The Zulu King Goodwill Zwelithini officially opened the KZN Provincial House of Traditional Leaders in Ulundi on Thursday March 14 2019. On his official invitation list, there was King Fabrice Zombi Kavabioko. Since the increase calls for land expropriation in South Africa and other regional countries, many traditional leaders have developed an approach on how to handle that issue. The issue of land expropriation is a legacy of colonial administration. In many African countries, when European colonizers arrived, they occupied the lands, chased the natives away from cultivable land and controlled mineral rich regions. The natives were excluded economically from the wealth of the land that belongs to them. The apartheid regime instituted on top of that a segregationist politics. That politics consisted of a model of development that favoured people on the basis of race. In South Africa, only white people had that privilege.
In contemporary South Africa, the Constitution lays paths for a democratic country. All discriminatory measures of the past are banned and dealt with severely. At this particular moment that South Africa is dealing with the hot issue of land expropriation, traditional leaders are engaging their subject in the public debate. King Zwelithini along Chief Mangosuthu Buthelezi of Kwazulu-Natal have convened their counterpart King Fabrice Zombi Kavabioko in the official opening ceremony of house of traditional leader. Many topics were raised in the occasion such as court issues that involved the king of Zulu, land expropriation, security and elections that will take place in May.
African traditional leaders are facing similar cases in their respective territories. King Zombi is pushing for a new agenda on rural development. He assumes that there is an urgent need for an up-to-date policy on how natives must benefits their land and how to make lands economically profitable. In The Democratic Republic of Congo, there is a huge percentage of land that is cultivable but not used. Among problems that are listed as reason why they are still untouched is the lack of roads. Facing continuously infrastructure challenges in areas with a huge population rate may be disappointing for kings who raise those problems to political authorities.
At same point, traditional leaders have to come with their own initial plans to address those issues. If they keep on waiting until the central government could intervene, that process will always take long. In most cases, the central government never realised any project in rural areas. Where there are some successful examples of government implementation of policies that benefit natives, there is also the difficulty of maintenance. However, the experience of other advance areas under traditional leadership such as in South Africa, Lesotho and eSwathi may serve as references to new idea King Fabrice Zombi is campaigning for.
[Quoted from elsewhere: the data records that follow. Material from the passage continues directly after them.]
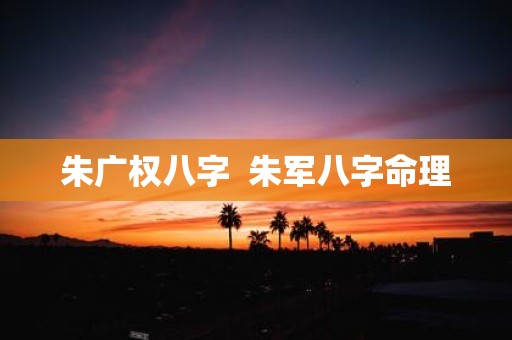 朱广权八字 朱军八字命理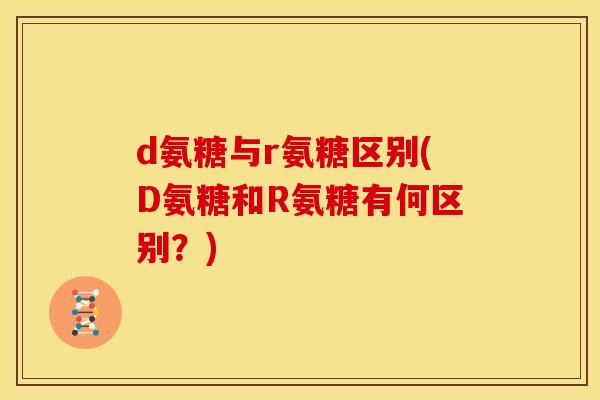 d氨糖与r氨糖区别(D氨糖和R氨糖有何区别？)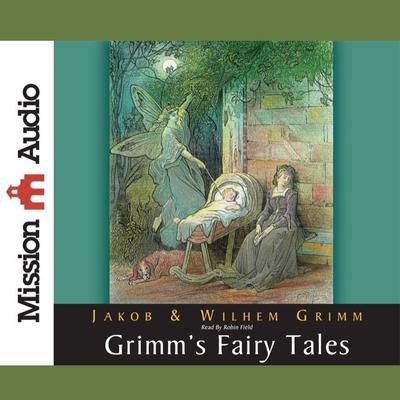 Grimm's Fairy Tales by Jacob & Wilhelm Grimm audiobook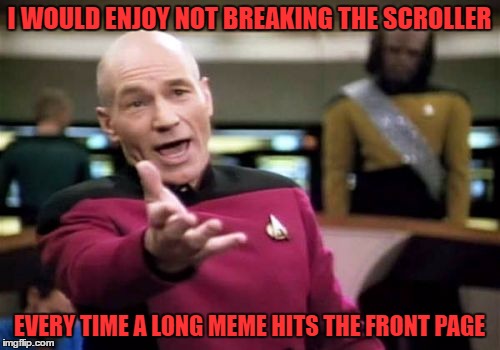 Picard Wtf Meme | I WOULD ENJOY NOT BREAKING THE SCROLLER EVERY TIME A LONG MEME HITS THE FRONT PAGE | image tagged in memes,picard wtf | made w/ Imgflip meme maker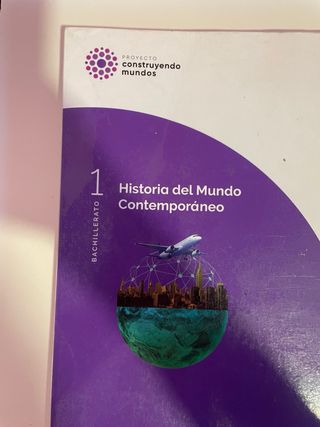 HISTORIA DEL MUNDO CONTEMPORANEO 1 BACHILLERATO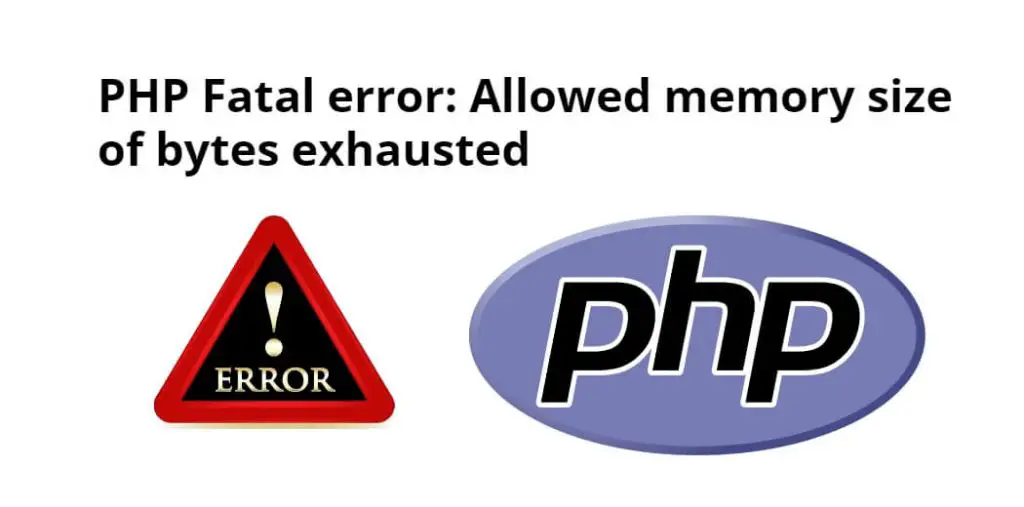 Codeigniter, Laravel, WordPress PHP Fatal error Allowed memory size of bytes exhausted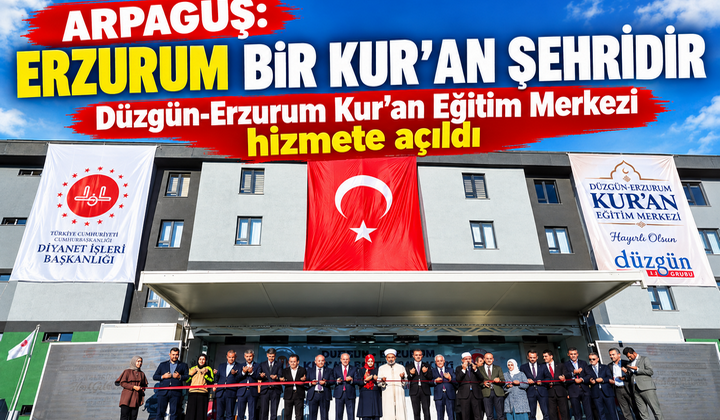 ARPAGUŞ: ERZURUM BİR KUR’AN ŞEHRİDİR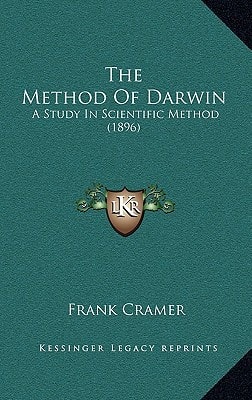 The Method Of Darwin: A Study In Scientific Method (1896)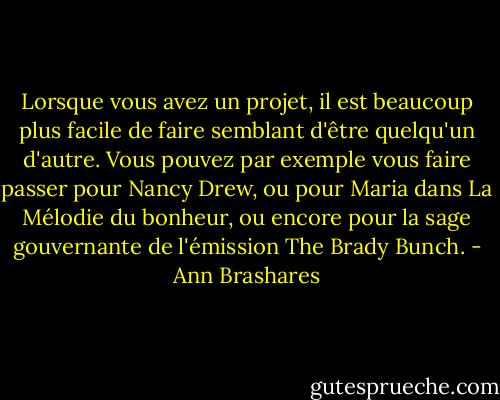 Lorsque vous avez un projet, il est beaucoup plus facile de faire semblant d'être quelqu'un d'autre. Vous pouvez par exemple vous faire passer pour Nancy Drew, ou pour Maria dans La Mélodie du bonheur, ou encore pour la sage gouvernante de l'émission The Brady Bunch. - Ann Brashares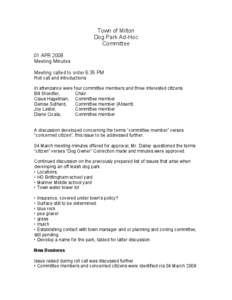 Town of Milton Dog Park Ad-Hoc Committee 01 APR 2008 Meeting Minutes Meeting called to order 6:35 PM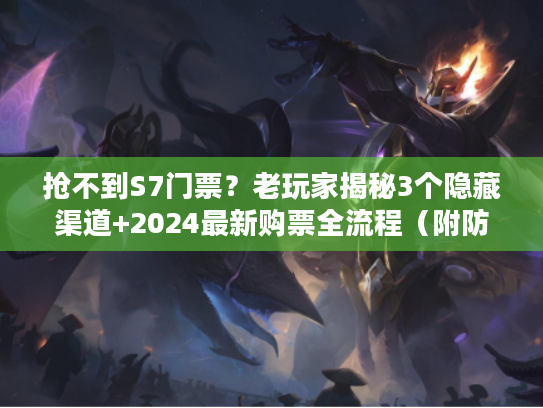 抢不到S7门票？老玩家揭秘3个隐藏渠道+2024最新购票全流程（附防坑指南）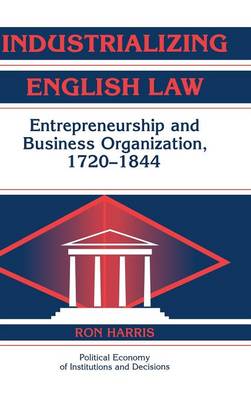 Cover Political Economy of Institutions and Decisions: Industrializing English Law: Entrepreneurship and Business Organization, 1720-1844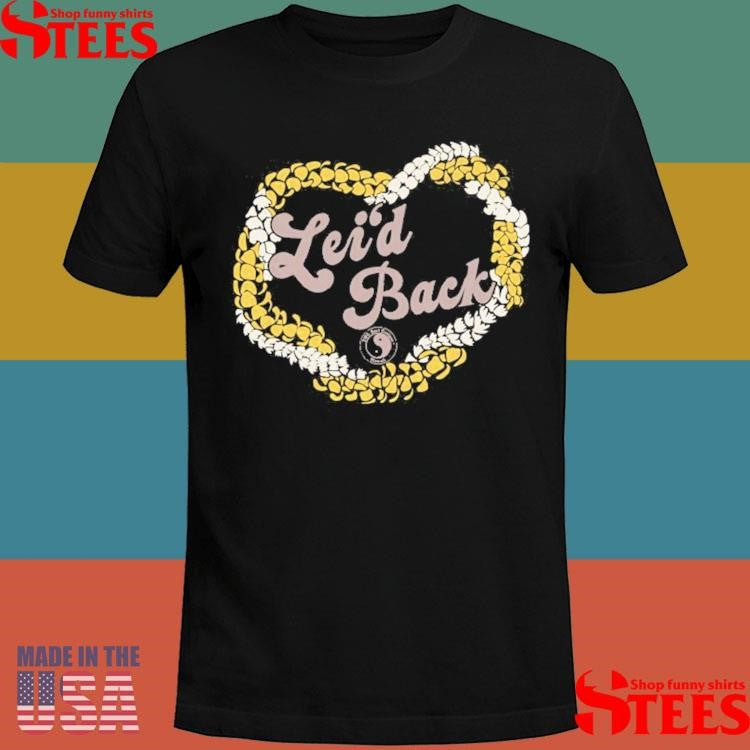 Lei’d Back Maple Shirts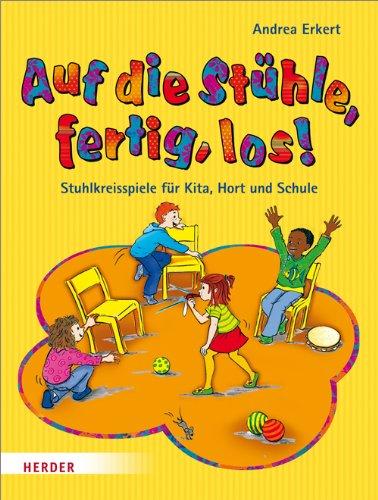 Auf die Stühle, fertig, los!: Stuhlkreisspiele für Kita, Hort und Schule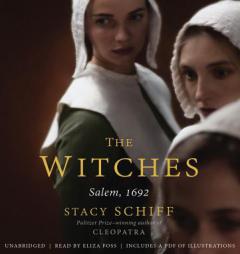The Witches: Salem, 1692 by Stacy Schiff Paperback Book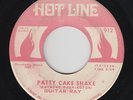 Northern Soul 45 - Guitar Ray - Patty Cake Shake - Hot Line - mp3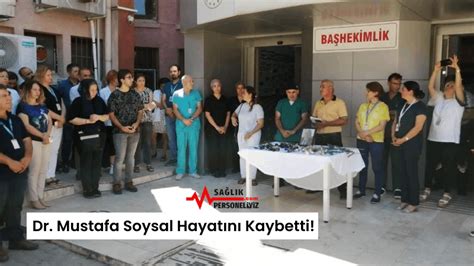 Dr Mustafa Soysal Hayatını Kaybetti Personel Sağlık Personeli Haber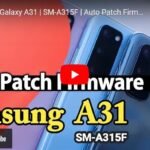 Samsung Galaxy A31 SM-A315F Auto Patch Firmware OS11 Free No Lost Network Fix NG BY SOFT4GSM.PK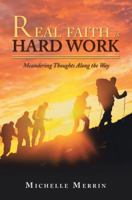 Real Faith Is Hard Work: Meandering Thoughts Along the Way 1973639289 Book Cover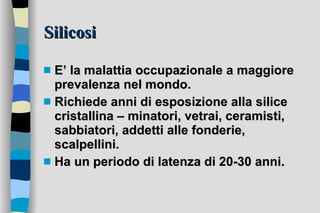 Silicosi E’ la malattia occupazionale a maggiore prevalenza nel mondo. Richiede anni di esposizione alla silice cristallina – minatori, vetrai, ceramisti, sabbiatori, addetti alle fonderie, scalpellini. Ha un periodo di latenza di 20-30 anni. 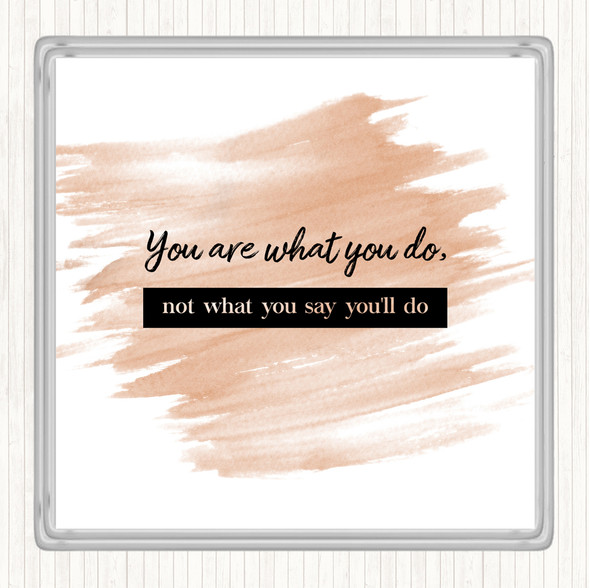 Watercolour Not What You Say You'll Do Quote Drinks Mat Coaster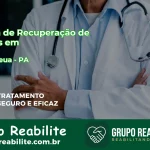 🚨 Clínica de Recuperação de Drogas em Tracuateua - PA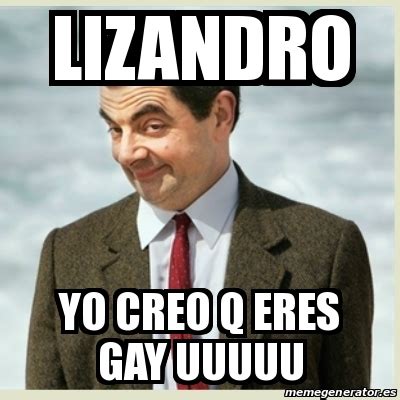 Meme Mr Bean Lizandro Yo Creo Q Eres Gay Uuuuu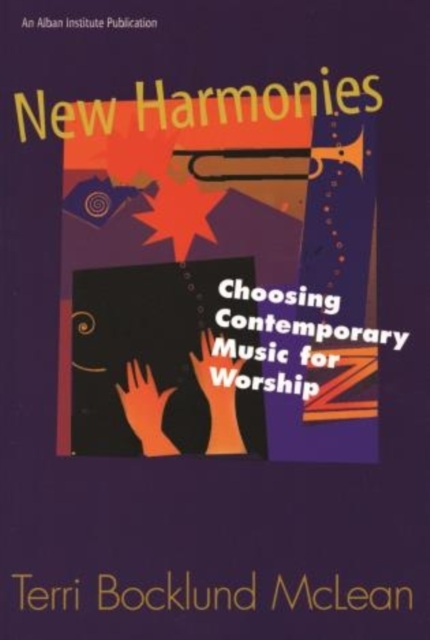 New Harmonies : Choosing Contemporary Music for Worship, Mixed media product Book
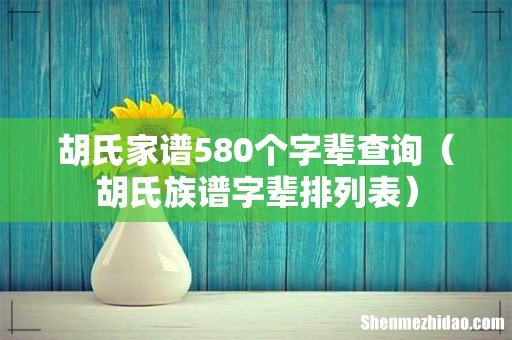 胡氏族谱字辈排列表 胡氏家谱580个字辈查询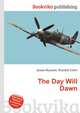 The Day Will Dawn, Jesse Russell,Ronald Cohn 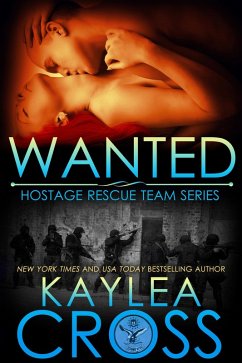 Wanted (Hostage Rescue Team Series, #8) (eBook, ePUB) - Cross, Kaylea
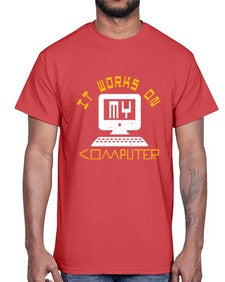 it works on my computer 30#- computer- Cotton Tee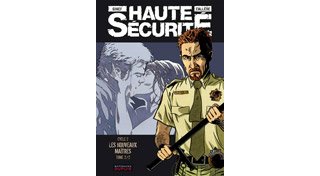 Haute Sécurité - T4 : Les nouveaux maîtres 2/2 - Par Callède et Gihef - Dupuis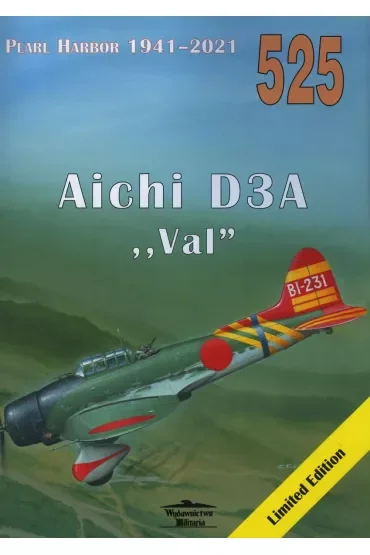 Aichi D3A `Val`. Pearl Harbor 1941-2021 Nr 525
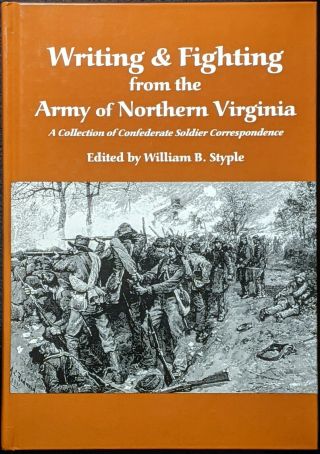 2003 Writing & Fighting From The Army Of Northern Virginia Confederate Letters
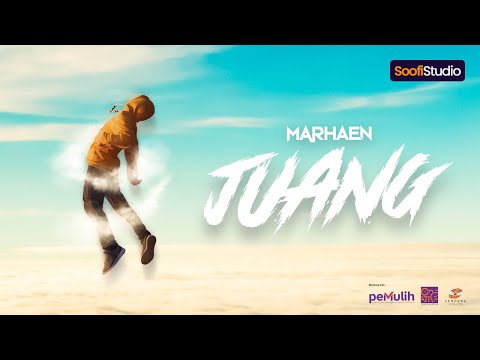 Marhaen - Juang (Official Lyric Video)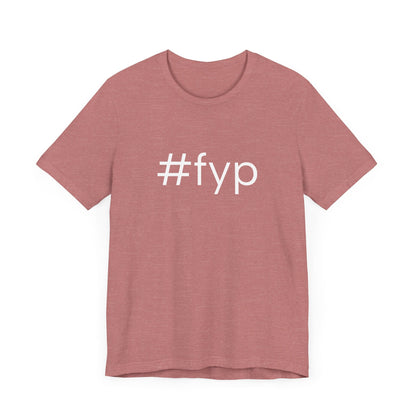 #fyp Unisex High End Cotton Short Sleeve Tee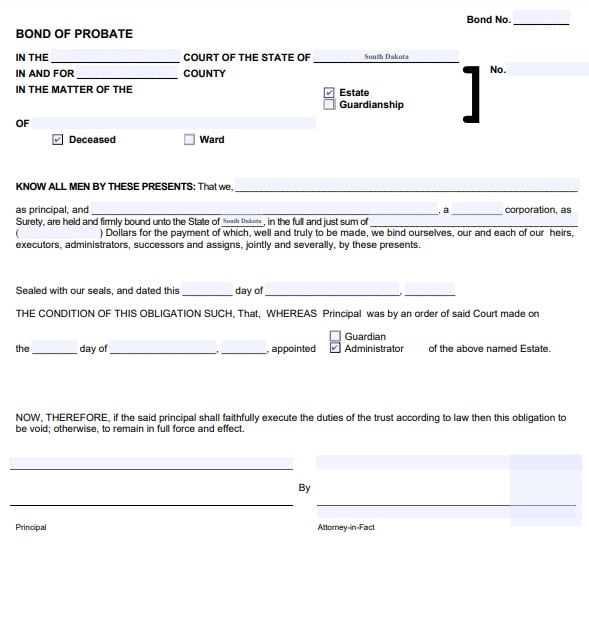South Dakota Personal Representative Bond Form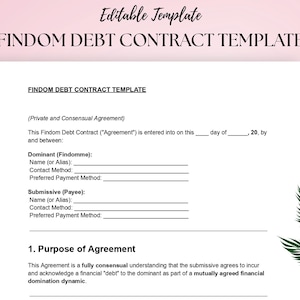 May include: A white document titled "FINDOM DEBT CONTRACT TEMPLATE" with fillable fields for names, contact methods, and payment details. The document includes the text "Private and Consensual Agreement" and is set against a soft pink background with a green leaf design.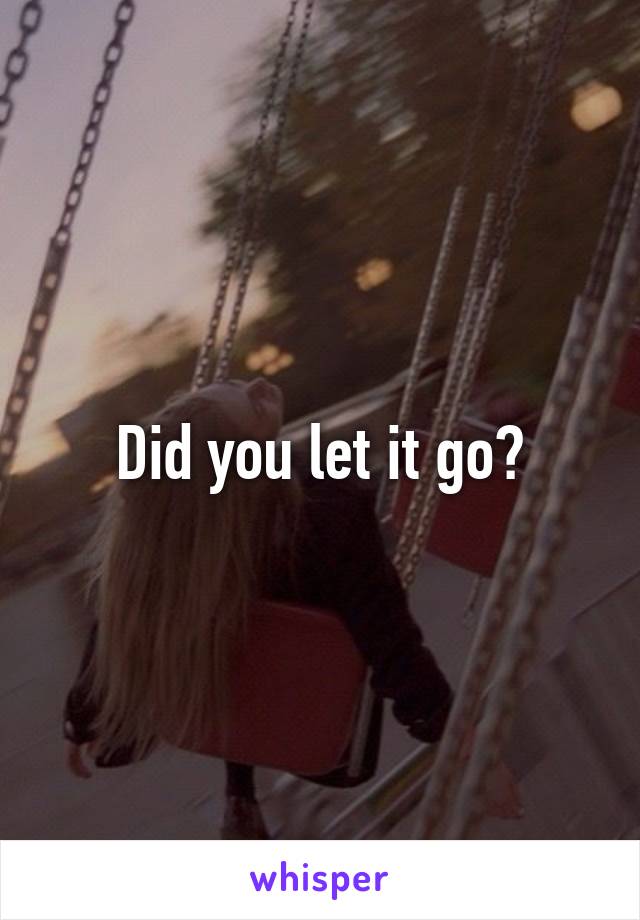 Did you let it go?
In the next coming days, there are events that will take place in the region. Traditional leaders are hoping to raise public awareness on how to handle the land issue. They will also take the opportunity to increase contacts and discussions about their unity, development and local legislations. They usually face multiple clash vis-à-vis central government though laws are clear on who is who and who should do what. There is a modern conception of traditional power that many think is in contradiction to modern democracy.